I'll just say that some of this comes off as rewarding certain players for playing in an era with much more data and penalizing certain other players for playing in an era with much less data. Which I don't love, as I feel it gives an advantage to more recent players. And I'll leave that at that.
That was not really my angle. If someone wants to say that they feel both Jordan and Lebron were the most impactful players of their respective eras but that they prefer Jordan because of stronger team success / more consistent box production / a less marred “peak”, hey, understandable enough position. But there were plenty of specific claims made based on the data which is available for Jordan that I feel go well beyond what is merited considering the more significant holes in that data.
Anyway, settling on a specific year for Lebron does feel a bit arbitrary or otherwise predicated on giving disproportionate weight to different accomplishments or blemishes, but because it needs to be done:
I have strong confidence in 2009-10 as the all-time greatest regular season performance. I agree there are questions about hypothetically different matchups in the postseason, and for as superhuman as Lebron was in Games 1-5 of the Magic series, Game 6 was a costly blemish which I do not think later Lebrons would have given that he averaged 35/10.6/7.9 on 61% efficiency in 20 elimination games from 2012-24 (looks awfully 2009-esque to me).
2012 versus 2013 feels like a functional tie, with any disparity in postseason production and plus/minus more a product of opponents (2013 Spurs the best team, 2013 Pacers the best defence) and team injury or variance (better bench in 2013, injured Wade a bigger drain than injured Bosh). 2013 had the better regular season and closeout game, 2012 was not a single shot away from losing a title.
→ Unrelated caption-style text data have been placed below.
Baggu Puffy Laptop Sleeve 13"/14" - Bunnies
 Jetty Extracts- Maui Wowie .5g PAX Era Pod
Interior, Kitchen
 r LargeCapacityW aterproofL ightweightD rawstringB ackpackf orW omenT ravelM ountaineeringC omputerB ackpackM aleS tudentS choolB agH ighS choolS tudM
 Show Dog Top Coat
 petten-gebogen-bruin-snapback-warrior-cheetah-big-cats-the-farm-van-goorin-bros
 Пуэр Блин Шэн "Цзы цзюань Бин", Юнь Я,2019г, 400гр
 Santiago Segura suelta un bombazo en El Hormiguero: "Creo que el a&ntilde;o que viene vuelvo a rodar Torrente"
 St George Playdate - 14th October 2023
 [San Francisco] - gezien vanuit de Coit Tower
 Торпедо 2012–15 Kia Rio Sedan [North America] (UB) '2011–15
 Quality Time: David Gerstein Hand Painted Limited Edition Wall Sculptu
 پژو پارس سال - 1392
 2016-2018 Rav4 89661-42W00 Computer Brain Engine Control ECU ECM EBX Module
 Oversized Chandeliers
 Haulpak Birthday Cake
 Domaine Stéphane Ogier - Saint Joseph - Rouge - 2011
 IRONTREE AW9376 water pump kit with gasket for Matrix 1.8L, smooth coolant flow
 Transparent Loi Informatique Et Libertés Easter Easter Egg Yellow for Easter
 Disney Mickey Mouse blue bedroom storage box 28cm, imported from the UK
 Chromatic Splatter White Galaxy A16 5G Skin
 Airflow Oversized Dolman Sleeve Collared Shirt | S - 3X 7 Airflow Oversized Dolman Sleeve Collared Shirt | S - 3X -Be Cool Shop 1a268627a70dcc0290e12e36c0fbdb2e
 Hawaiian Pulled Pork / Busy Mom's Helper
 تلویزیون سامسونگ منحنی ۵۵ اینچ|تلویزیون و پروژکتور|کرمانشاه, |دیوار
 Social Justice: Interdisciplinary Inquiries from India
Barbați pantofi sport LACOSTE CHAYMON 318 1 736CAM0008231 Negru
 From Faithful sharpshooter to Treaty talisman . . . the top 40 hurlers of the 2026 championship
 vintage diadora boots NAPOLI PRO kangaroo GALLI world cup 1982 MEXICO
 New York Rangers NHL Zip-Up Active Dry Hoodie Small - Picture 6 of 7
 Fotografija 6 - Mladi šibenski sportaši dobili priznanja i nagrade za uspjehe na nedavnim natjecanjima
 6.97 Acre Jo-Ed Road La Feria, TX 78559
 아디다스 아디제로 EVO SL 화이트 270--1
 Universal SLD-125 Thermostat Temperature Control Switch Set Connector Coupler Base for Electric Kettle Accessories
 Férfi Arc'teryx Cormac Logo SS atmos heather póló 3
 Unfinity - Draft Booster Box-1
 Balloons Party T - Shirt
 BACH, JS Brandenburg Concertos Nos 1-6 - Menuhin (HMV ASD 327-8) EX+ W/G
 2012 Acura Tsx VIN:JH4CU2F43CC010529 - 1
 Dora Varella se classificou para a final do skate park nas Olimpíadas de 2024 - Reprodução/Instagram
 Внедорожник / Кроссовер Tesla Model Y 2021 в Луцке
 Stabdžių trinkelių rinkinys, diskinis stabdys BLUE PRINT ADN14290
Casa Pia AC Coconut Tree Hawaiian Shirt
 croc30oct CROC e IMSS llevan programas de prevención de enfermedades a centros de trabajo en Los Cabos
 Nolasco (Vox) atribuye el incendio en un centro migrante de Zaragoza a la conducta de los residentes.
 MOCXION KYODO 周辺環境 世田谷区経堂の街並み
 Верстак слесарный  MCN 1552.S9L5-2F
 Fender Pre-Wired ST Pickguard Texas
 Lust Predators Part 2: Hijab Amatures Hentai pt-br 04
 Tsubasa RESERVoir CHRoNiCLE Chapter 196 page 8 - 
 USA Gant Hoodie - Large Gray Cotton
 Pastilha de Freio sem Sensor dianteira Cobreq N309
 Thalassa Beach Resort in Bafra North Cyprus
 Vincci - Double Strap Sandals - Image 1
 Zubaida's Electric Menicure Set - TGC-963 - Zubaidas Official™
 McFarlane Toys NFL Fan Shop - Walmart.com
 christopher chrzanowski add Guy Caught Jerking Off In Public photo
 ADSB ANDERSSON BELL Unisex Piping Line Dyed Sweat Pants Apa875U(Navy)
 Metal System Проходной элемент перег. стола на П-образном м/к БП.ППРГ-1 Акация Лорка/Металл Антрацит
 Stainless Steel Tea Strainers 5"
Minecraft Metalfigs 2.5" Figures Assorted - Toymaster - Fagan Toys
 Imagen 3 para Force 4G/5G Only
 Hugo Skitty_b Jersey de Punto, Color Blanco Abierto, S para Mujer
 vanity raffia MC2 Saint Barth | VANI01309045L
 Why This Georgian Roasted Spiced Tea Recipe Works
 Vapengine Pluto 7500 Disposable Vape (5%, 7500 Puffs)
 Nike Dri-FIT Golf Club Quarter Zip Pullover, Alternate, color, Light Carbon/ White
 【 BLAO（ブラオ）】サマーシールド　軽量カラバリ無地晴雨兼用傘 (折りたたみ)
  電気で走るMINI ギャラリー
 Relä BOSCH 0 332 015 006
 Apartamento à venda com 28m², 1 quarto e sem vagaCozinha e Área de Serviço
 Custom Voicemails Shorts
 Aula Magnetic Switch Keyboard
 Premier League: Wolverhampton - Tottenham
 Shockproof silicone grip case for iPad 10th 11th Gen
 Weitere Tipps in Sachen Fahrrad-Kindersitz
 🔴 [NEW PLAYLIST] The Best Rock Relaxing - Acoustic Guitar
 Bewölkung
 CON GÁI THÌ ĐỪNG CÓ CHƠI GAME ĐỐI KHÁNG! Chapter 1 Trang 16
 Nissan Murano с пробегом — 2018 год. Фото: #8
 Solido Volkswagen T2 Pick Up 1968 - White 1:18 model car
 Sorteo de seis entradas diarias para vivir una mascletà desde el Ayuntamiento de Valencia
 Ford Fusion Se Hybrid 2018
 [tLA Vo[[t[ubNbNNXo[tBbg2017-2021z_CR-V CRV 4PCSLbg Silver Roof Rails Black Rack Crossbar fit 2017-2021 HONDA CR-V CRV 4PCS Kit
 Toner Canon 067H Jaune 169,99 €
I also think there is a strong possibility 2014 is the better postseason performer than both, but that veers a little too deeply into pure hypotheticals to be worth anything here aside from providing the faintest of temporal edges to 2013.
And then 2016 has imo the greatest three-game stretch of play in NBA history, on a team far more dependent on Lebron than the Heat ever were (both on the court and in the locker-room). That said, up until those final three games, no one would consider 2016 as his secret peak. If I needed a single game or series win, I think I would pick this version of Lebron… but for the past forty years, a team has needed four series and 15-16 games, and that is enough for me to edge toward 2013.
I agree with all of this. I know that lot of people are pretty hellbent on saying that 2009/10 is peak LeBron, and I understand why, because the raw impact(as a result of playing on a team that, to put it bluntly, wasn't very good - at least offensively, as there was some defensive talent) was the highest it ever was, probably, and it was also probably his athletic peak. But I know what my eyes saw, and 2012/13 LeBron was simply a more skilled basketball player, particularly on the offensive end - better shooter, more versatile, had developed a post-game, etc.
I am not even sure I feel that strongly on the idea of skill definitely outweighing athleticism — after all, the most “skilled” Lebron may well be Lakers Lebron — but the mental advantage is a massive part of his success in 2012-20 which I struggle to discount relative to his younger and less experienced self.